HERCULANEUM PRIVATE TOUR
Excursion to Ercolano
If you want to travel back in time and see how the Romans lived in the 1st century AD, then you should definitely visit Herculaneum, the ancient Roman city, buried beneath meters of molten lava during the eruption of Mount Vesuvius in 79 A.D. Instead of a sudden weight of falling ash that crushed roofs and collapsed houses in Pompeii, the fast-flowing lava filled Herculaneum from the ground up, supporting walls and roofs as it encased them. This preserved its multi-storied homes, complete with doors and staircases, as well as a wealth of organic material missing in Pompeii. Wooden furniture, textiles, and even foods and skeletons tell us much about everyday life here, and its vivid frescoes and mosaics remain intact. For these reasons, and because the site is smaller, less crowded, and the attractions are easier to explore, many tourists find Herculaneum more interesting than Pompeii.
When the city was re-discovered in the 1700s, excavators found what could be the richest repository of ancient Western wisdom: a library filled with papyrus scrolls. Scholars think there could be unknown Greek and Latin masterpieces, possibly early Christian writings, even the first references to Jesus. The problem is, the volcanic heat left the scrolls so charred and brittle, no one has been able to open them without breaking them into pieces.
Here you can see the beautifully preserved houses, fine patrician mansions with gardens enclosed by colonnades and villas of rich Romans, thermal baths, with separate sections for men and women, cobbled pavements, amazingly beautiful wall frescoes, mosaic floors, sculptures, bakeries, pottery.
The famous Samnite House is one of the oldest patrician mansions in the town - about 300 years old at the time of the eruption. The atrium has a gallery with Ionic columns, and throughout the house are rich stucco and fresco decoration.
Even the ruins of the ancient city capture people's imagination .So in 1974, oil magnate J. Paul Getty opened a museum of his holdings in a faux villa in Malibu, based on the remains of the Villa dei Papiri in Herculaneum.
Actually, in California you can see an exact copy of the villa in all its glory.
It was long believed that unlike Pompeii, Herculaneum's residents had escaped, as few human remains were evident in the town.
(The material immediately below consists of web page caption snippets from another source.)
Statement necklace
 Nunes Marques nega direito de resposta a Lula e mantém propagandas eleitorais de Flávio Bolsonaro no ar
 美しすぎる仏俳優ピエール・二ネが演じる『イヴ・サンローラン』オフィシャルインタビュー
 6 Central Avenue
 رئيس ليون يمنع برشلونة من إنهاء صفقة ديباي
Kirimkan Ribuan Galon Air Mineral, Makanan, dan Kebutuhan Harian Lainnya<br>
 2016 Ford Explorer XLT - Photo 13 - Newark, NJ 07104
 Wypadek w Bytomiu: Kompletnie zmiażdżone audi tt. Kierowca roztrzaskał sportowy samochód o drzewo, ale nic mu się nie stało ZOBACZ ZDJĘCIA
But in 1982, further excavations at the port uncovered the skeletons of 300 people who had fled the city only to be incinerated by the sudden blast of extreme heat.
Today, the modern city of Ercolano sits above sections of the ancient city that haven’t yet been unearthed.The ancient city still holds many undiscovered secrets and mysteries for future generations.
Maybe you will be one of those who will open the veil of this mystery!